Shell scripting fun: pdfsplit
Posted on June 7, 2011
by Tommy McGuire
Like various other people, I have been irritated by the problems with viewing two-column PDF files on a Kindle. Yesterday, however, I ran across pdfsplit, which made me decide to do something about it.I downloaded the package, which is Cabal-ized Haskell (!), and like my other adventures with Cabal, it failed to build. Naturally, I took a peek at the code, and found it to be a very simple script that used some libraries I apparently don't have (or have and don't know it; or something).

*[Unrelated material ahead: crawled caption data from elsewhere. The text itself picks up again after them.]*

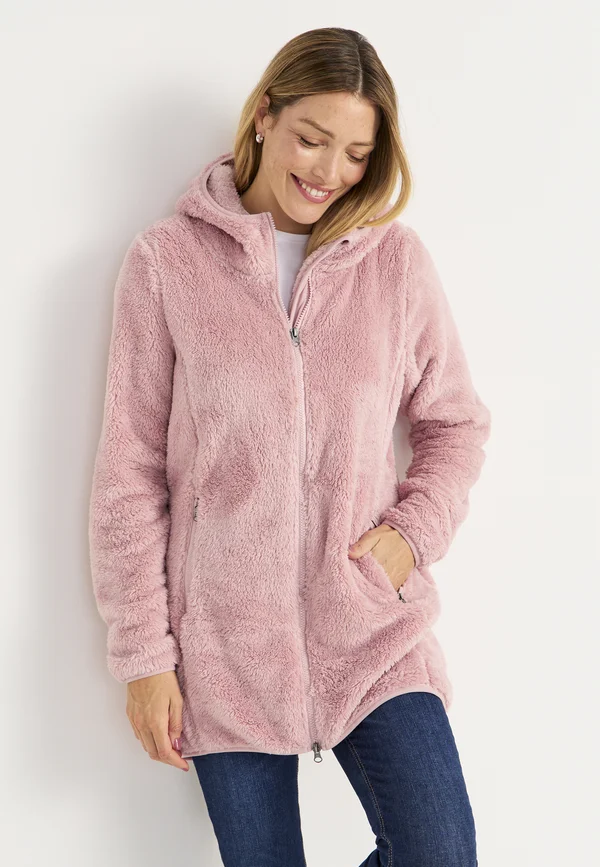 FUZZY  - Fleece jacket - old rose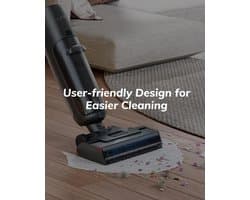 HomeGoodies ILIFE W90 Pro Draadloze Vloerwasser 3-in-1 – Stofzuigen, Dweilen & Wassen in Één Beweging – 7000Pa & Zelfreinigend – Voor Elke Harde Vloer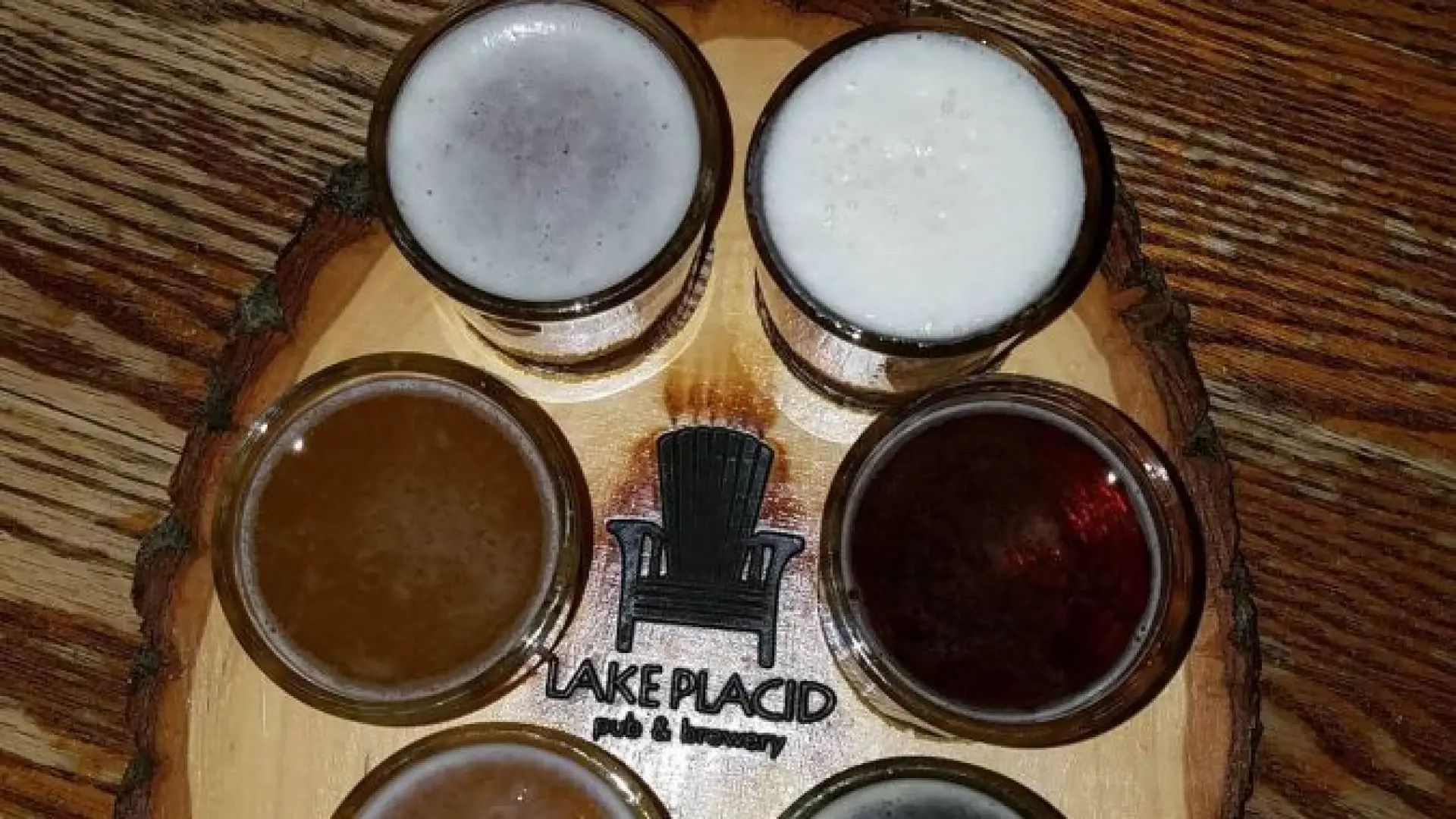 A sampler platter of six, delicious Pub brews!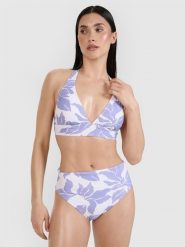 4F Góra od bikini damska - fioletowa L. Fioletowe szorty 4f, bez wzorów, z elastanu, eleganckie. Za 79.99 zł.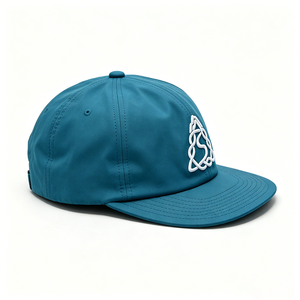 Gorra Unisex de 6 Paneles con Cierre a Presión, Bordado de Nudo Celta, Estilo Hip Hop Urbano, Tela de Lona - Product Image 3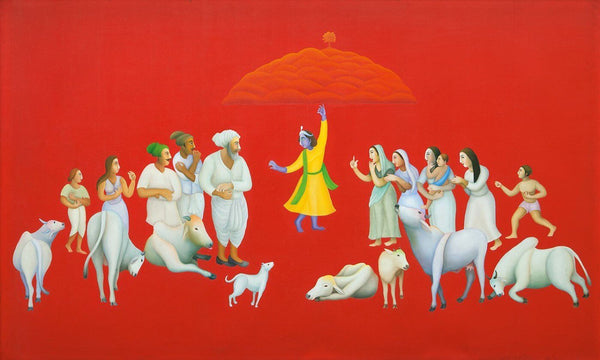 Govardhan - Canvas Prints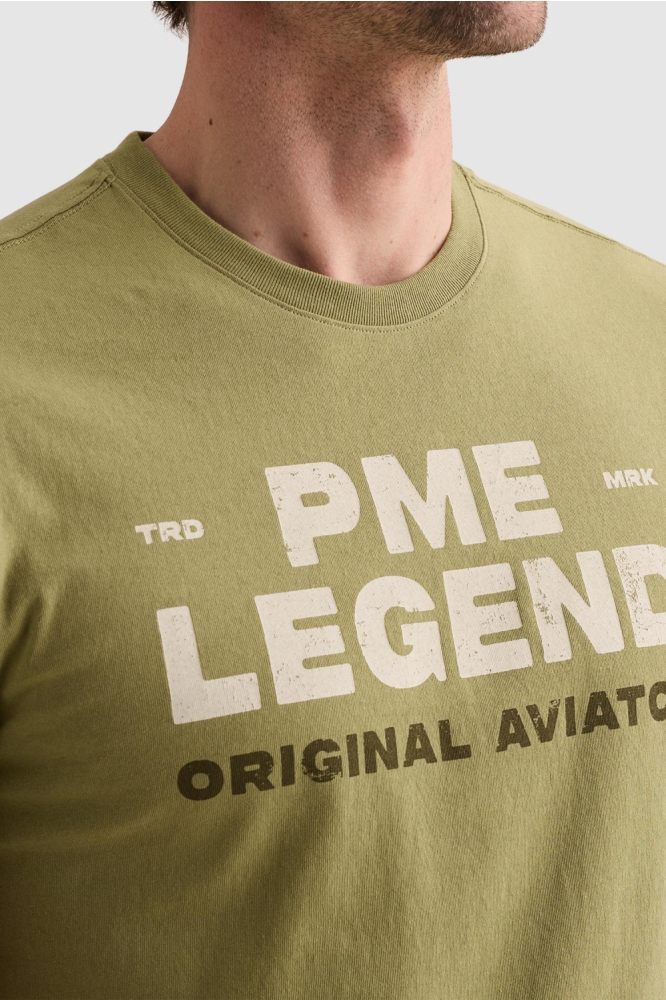PME legend groene heren t-shirt | Close up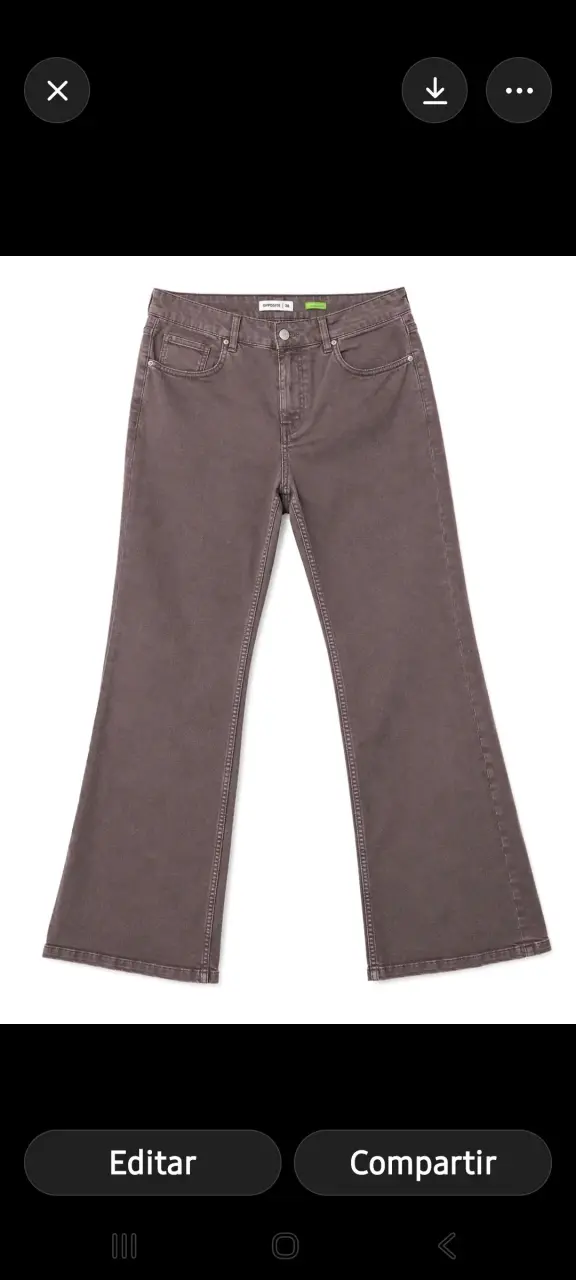 Jeans chocolate mujer marca Opposite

I like writing Haskell as much as anyone, but sometimes the right tool really is a hammer. In that spirit, here is a Bourne shell script:
#!/bin/sh
#
# pdfsplit - create a single-column version of a 2-column PDF file
if [ $# -lt 1 ]
then
echo "Usage: $0 file.pdf ..."
echo " Produces file-split.pdf ..."
exit 1
fi
for input in "$@"
do
base=`basename $input .pdf`
tmp=$base-split.tex
pages=`pdfinfo $input | grep Pages | awk '{print $2}'`
cat <<eof >$tmp
\\documentclass{article}
\\usepackage[paperwidth=4.25in,paperheight=11in]{geometry}
\\usepackage{pdfpages}
\\begin{document}
eof
n=1
while [ $n -le $pages ]
do
cat <<eof >>$tmp
\\includepdf[pages=$n,noautoscale,offset=2.125in 0]{$input}
\\includepdf[pages=$n,noautoscale,offset=-2.125in 0]{$input}
eof
n=$((n+1))
done
cat <<eof >>$tmp
\\end{document}
eof
pdflatex $tmp
rm -f $tmp $base-split.aux $base-split.log
done
To use it, you will need pdflatex, the pdfpages package, and pdfinfo (from the poppler-utils package on my Ubuntu laptop).